** SUPPLIED MATERIAL follows **

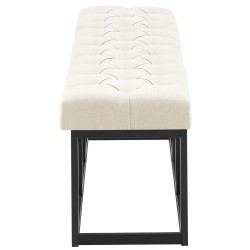 Banco tapizado en tela color crema Amun B150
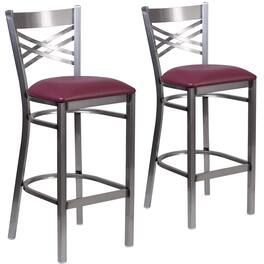 Emma + Oliver - 2 Pack Clear Coated "X" Back Metal Restaurant Barstool - Burgundy Vinyl Seat/Clear Coated Metal Frame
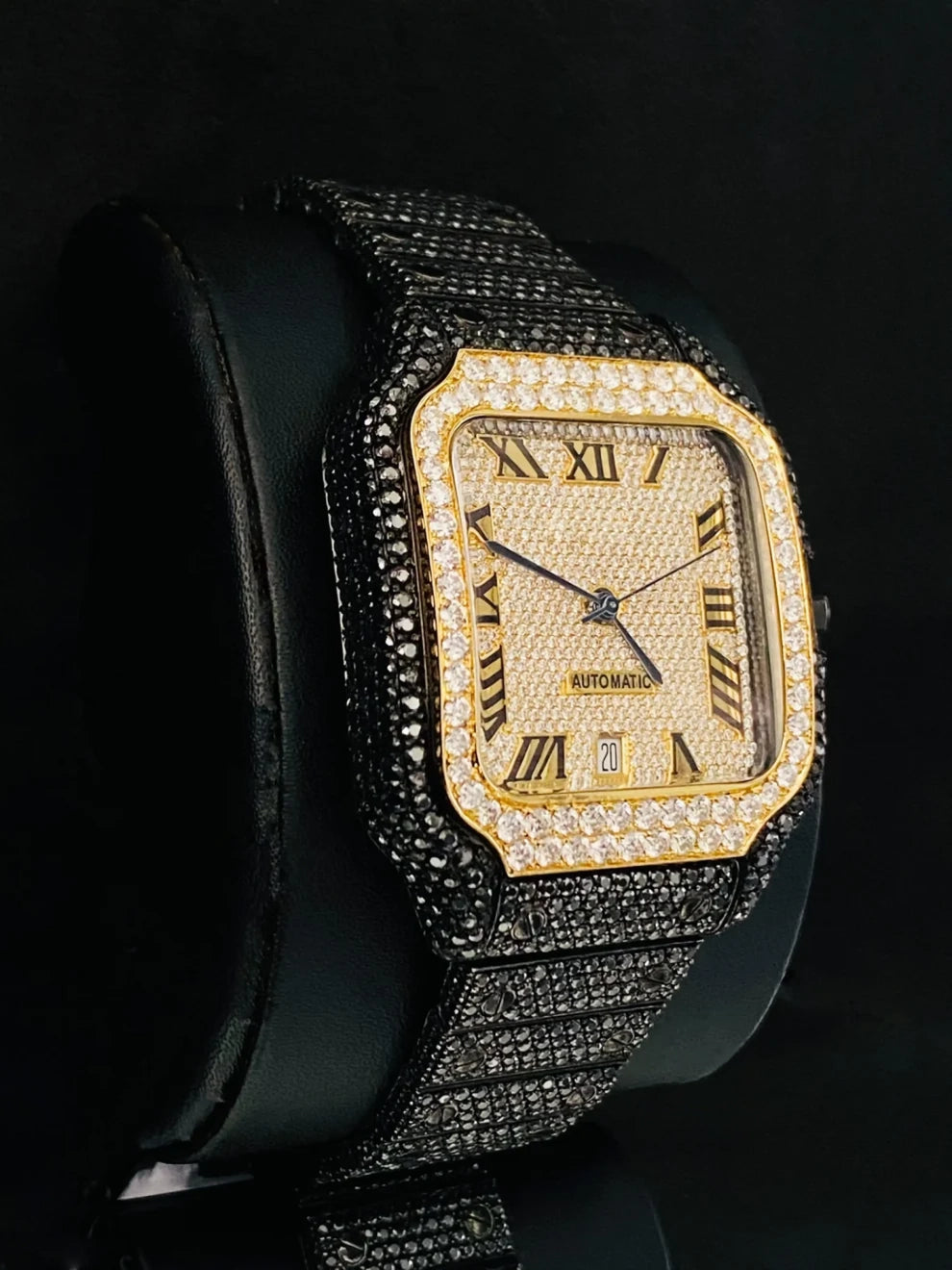 41MM Stainless Steel Fully Two Tone Moissanite Diamond Watch
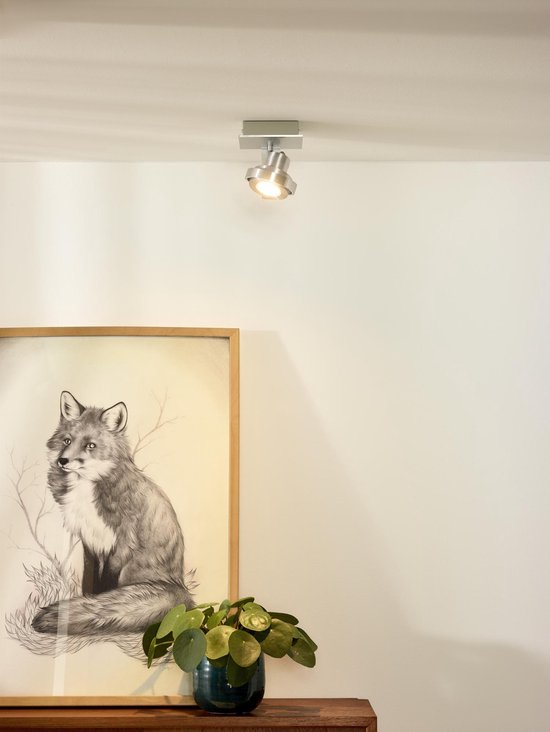 Lucide LANDA – Deckenstrahler – LED, dimmbar bis warm – GU10 – 1×5 W, 2200 K/3000 K – Mattchrom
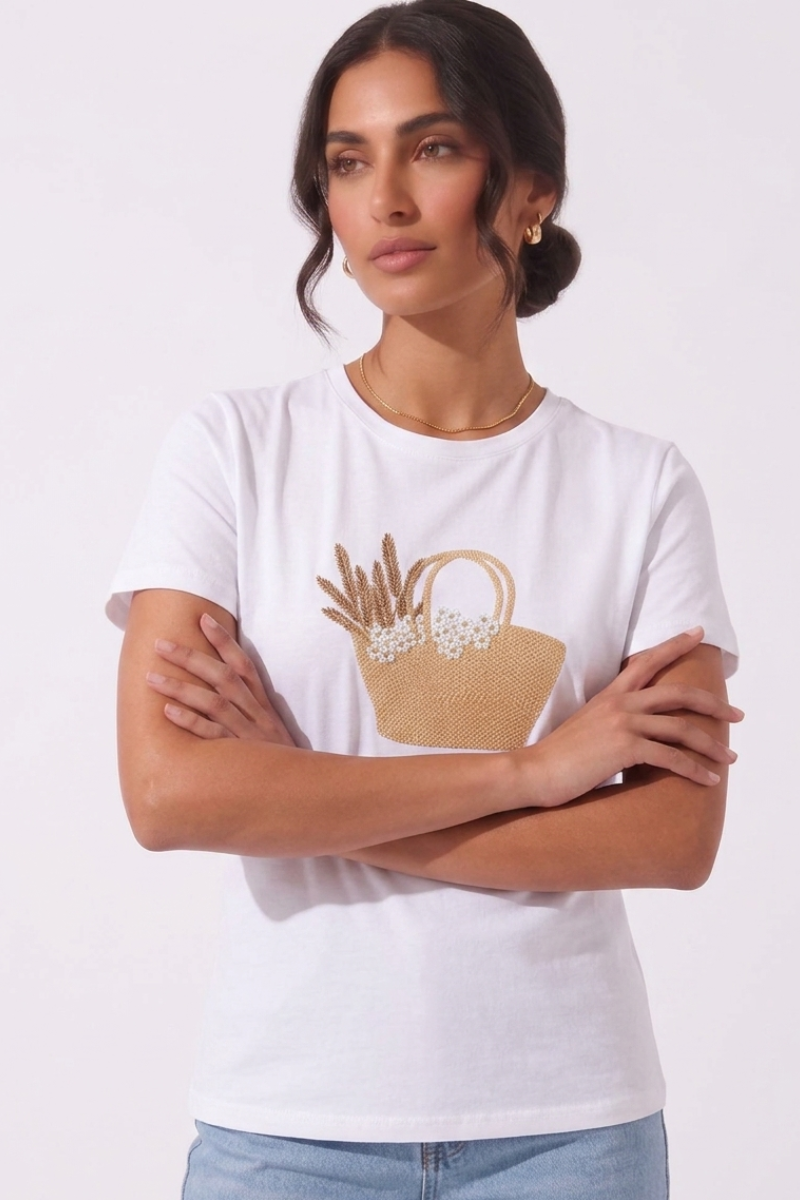 T-Shirt Fleur bianco|Colore:Bianco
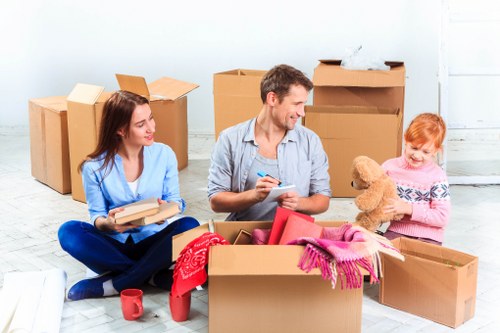 Packed household boxes ready for a Mayfair home move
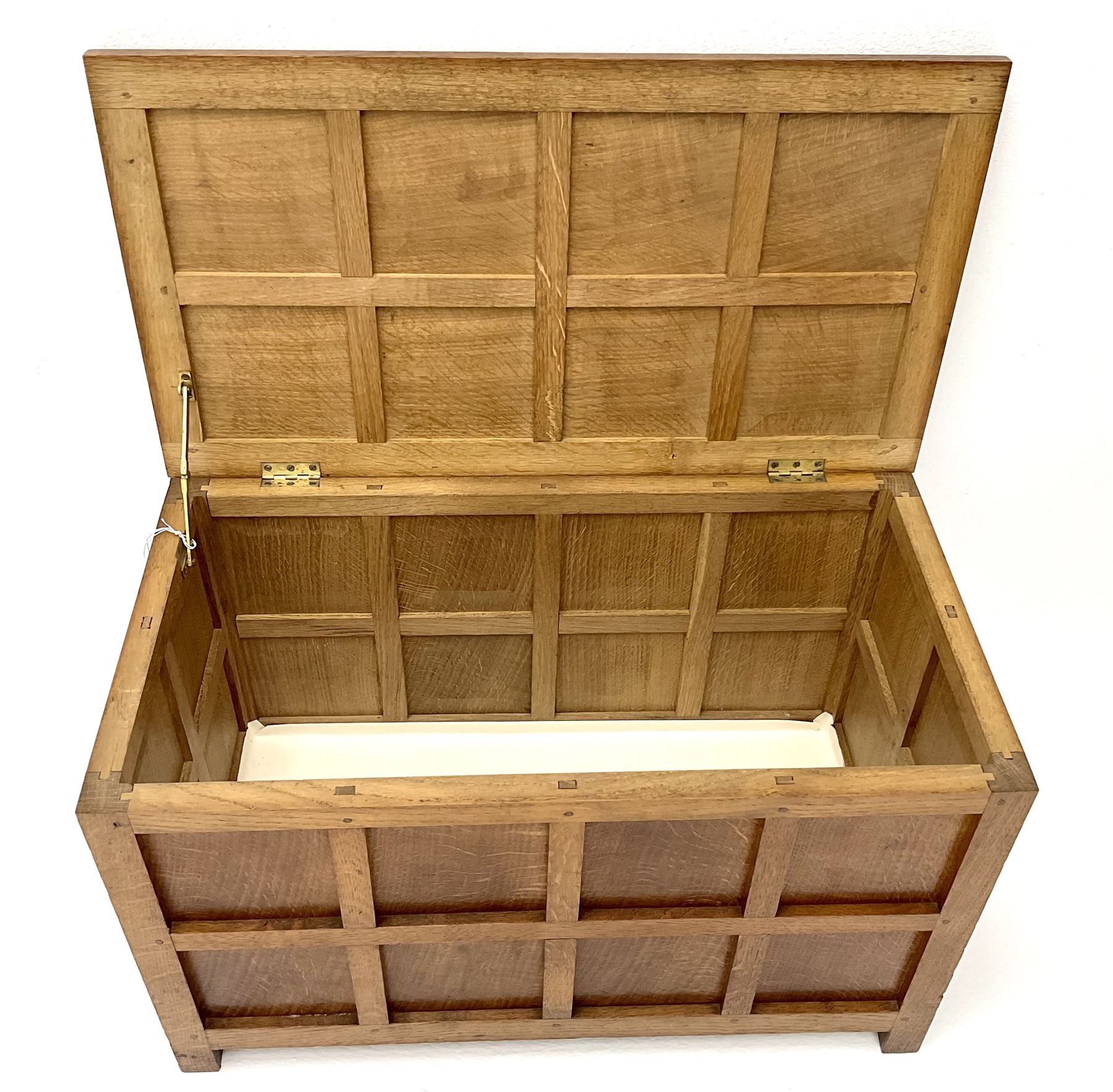 Yorkshire Oak panelled oak chest with hinged lid The Furnishings
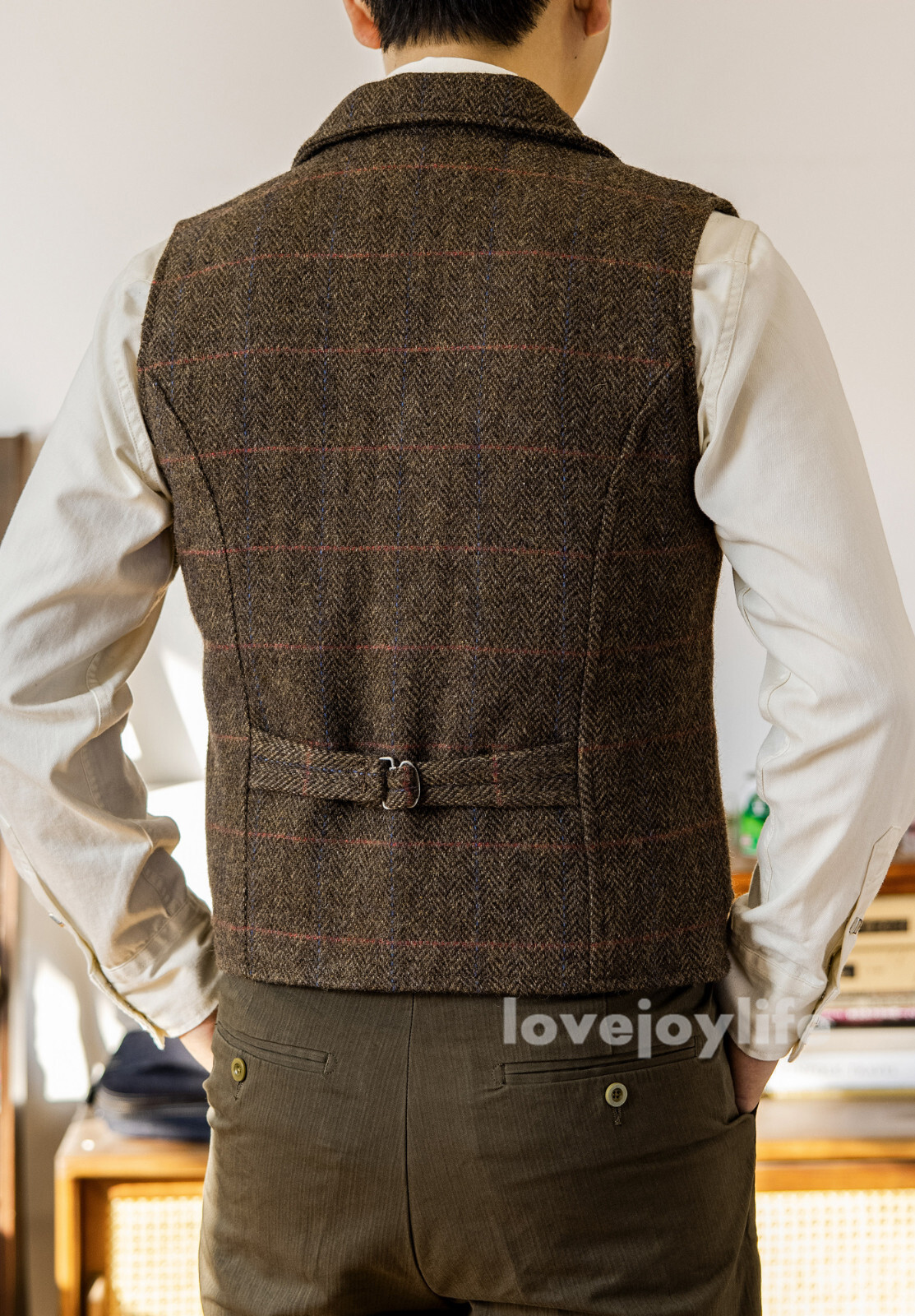 Red Tornado Heavyweight Warm Wool Vest Tweed Vintage Casual Formal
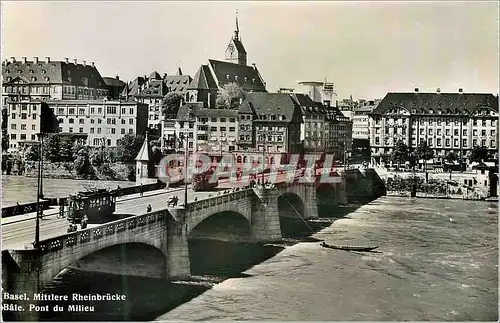 Moderne Karte Bale Pont du Milieu Hotel Krafft am Rhein Basel Tramway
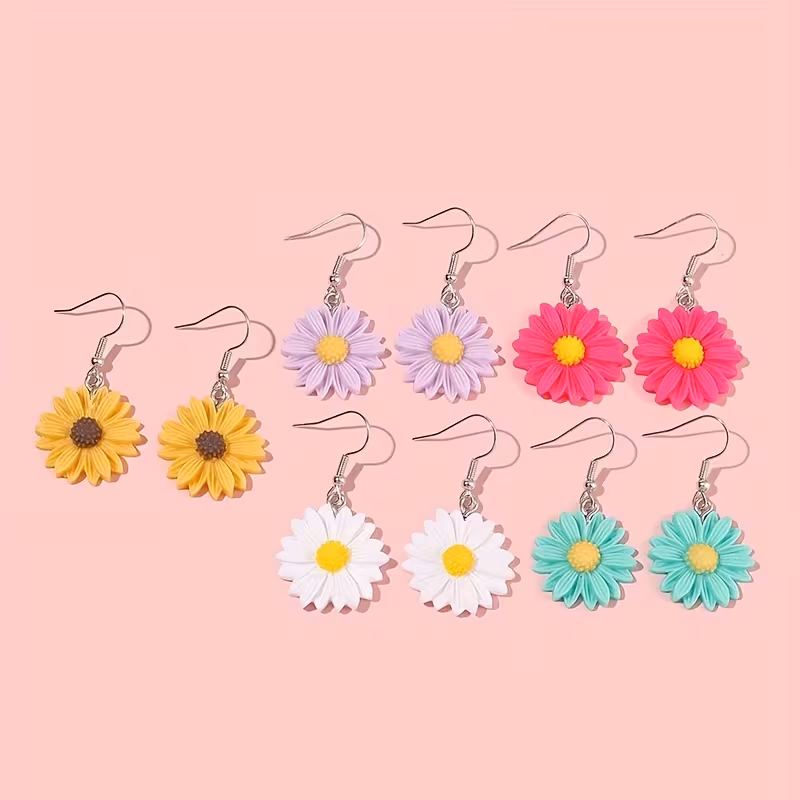 5 Pares de Pendientes Pequeños con Flores en Colores Dulces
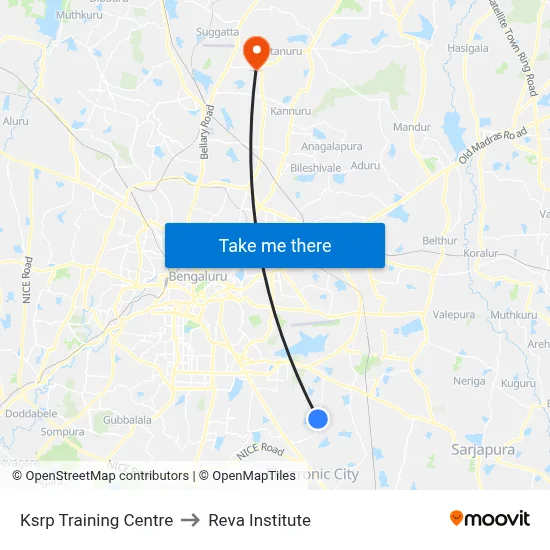 Ksrp Training Centre to Reva Institute map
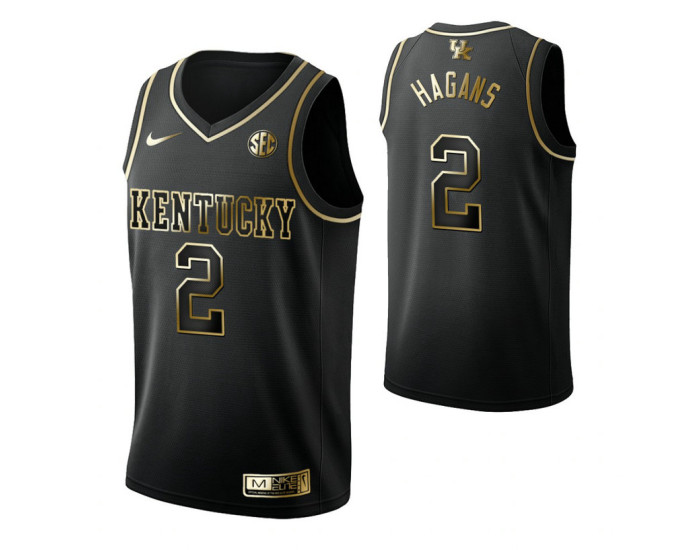 Ashton Hagans Kentucky Wildcats Black Golden Edition Authentic College Basketball Jersey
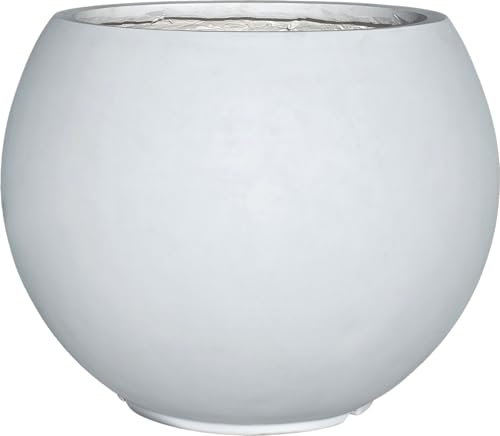 Pot de fleurs rond en fibre de pierre blanche avec trou de drainage, très grand, léger et résistant aux UV pour oliviers, monstera et grandes plantes, intérieur et extérieur, terrasse, porche et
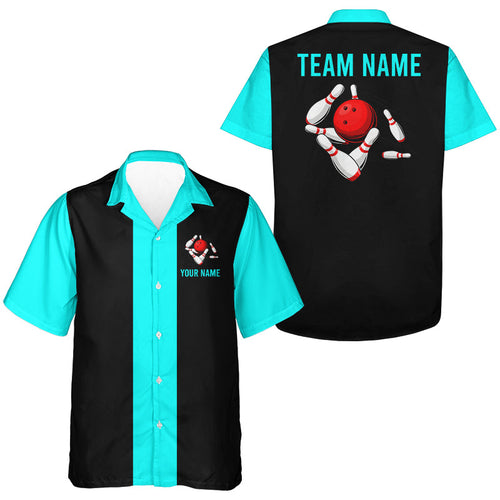 Personalized Cyan Blue and Black Retro Bowling hawaiian shirts Custom vintage Team button up shirts NQS9599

** End of SUPPLIED MATERIAL **

* _ACTIVITY_: Find the line containing "Packed household boxes" in the records above and restate it, and each line after it through the end, word for word, dropping the pictures.

* _WRITTEN RESPONSE_:
 Packed household boxes ready for a Mayfair home move
 Yorkshire Oak panelled oak chest with hinged lid The Furnishings
 Red Tornado Heavyweight Warm Wool Vest Tweed Vintage Casual Formal
 Moderne Karte Bale Pont du Milieu Hotel Krafft am Rhein Basel Tramway
 5 Pares de Pendientes Pequeños con Flores en Colores Dulces
 Ksrp Training Centre to Reva Institute map
 Ashton Hagans Kentucky Wildcats Black Golden Edition Authentic College Basketball Jersey
 Pot de fleurs rond en fibre de pierre blanche avec trou de drainage, très grand, léger et résistant aux UV pour oliviers, monstera et grandes plantes, intérieur et extérieur, terrasse, porche et
 Personalized Cyan Blue and Black Retro Bowling hawaiian shirts Custom vintage Team button up shirts NQS9599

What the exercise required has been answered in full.